(Note: This story is part of WABE’s continuing coverage of the fight against human trafficking in Georgia.)
In 2011 state lawmakers passed, and Governor Nathan Deal signed, a law that toughened punishments for adults engaged in trafficking children for sex. But the new law still allowed prosecutors to file charges against young sex workers for crimes like prostitution, instead of treating them as victims – although police and prosecutors could also opt not to file charges. Now, one of those who pushed for the 2011 bill is back with a new package, aimed at offering more protection to young people who are trafficked for sex.

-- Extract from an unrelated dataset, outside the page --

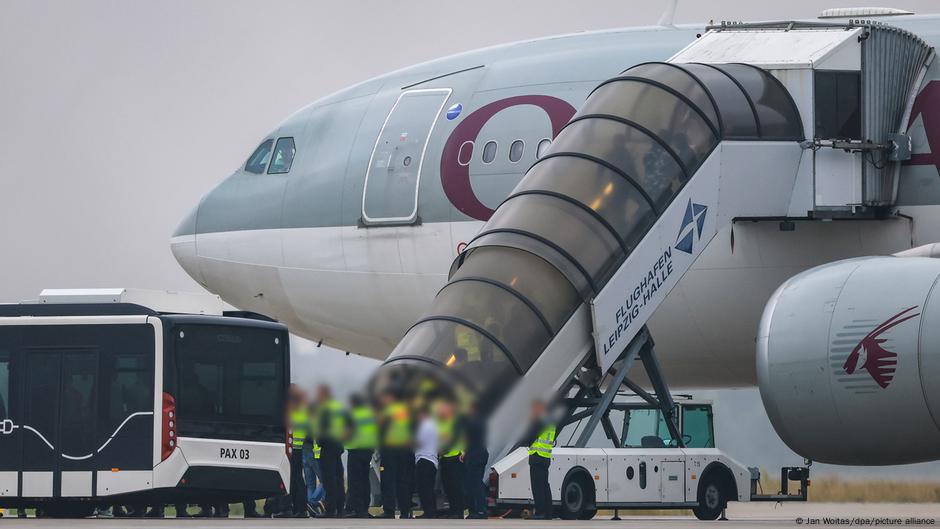 Germania permite emisarilor talibani să faciliteze deportările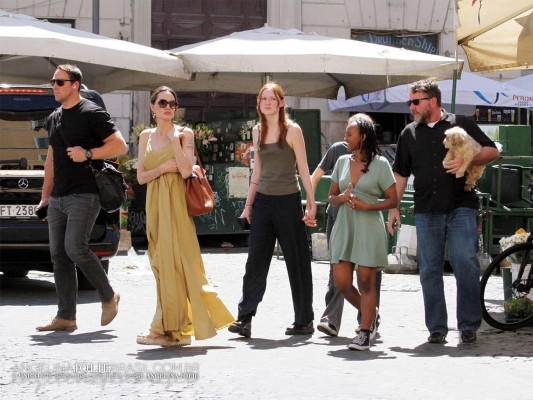 Angelina Jolie pic #1306457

On Thursday, Dec. 11, 2014, State Sen. Renee Unterman (R-Buford) pre-filed two measures for the upcoming session of the General Assembly. The bill – called the “Safe Harbor Act” – and the constitutional amendment would automatically classify sex workers under 18 as victims; shielding them from criminal charges, and providing treatment for them. The bill also lengthens the statute of limitations for charges to be filed against pimps and customers, and allows more opportunity to seize their assets. Sen. Unterman spoke with WABE’s Denis O’Hayer about the two proposed measures.
(Note: At this writing, the texts of the bill and proposed constitutional amendment were not yet available to link on this page. Links will be provided as soon as they are available. The proposals also follow the new Federal law against child sex trafficking, which President Obama signed earlier this year.)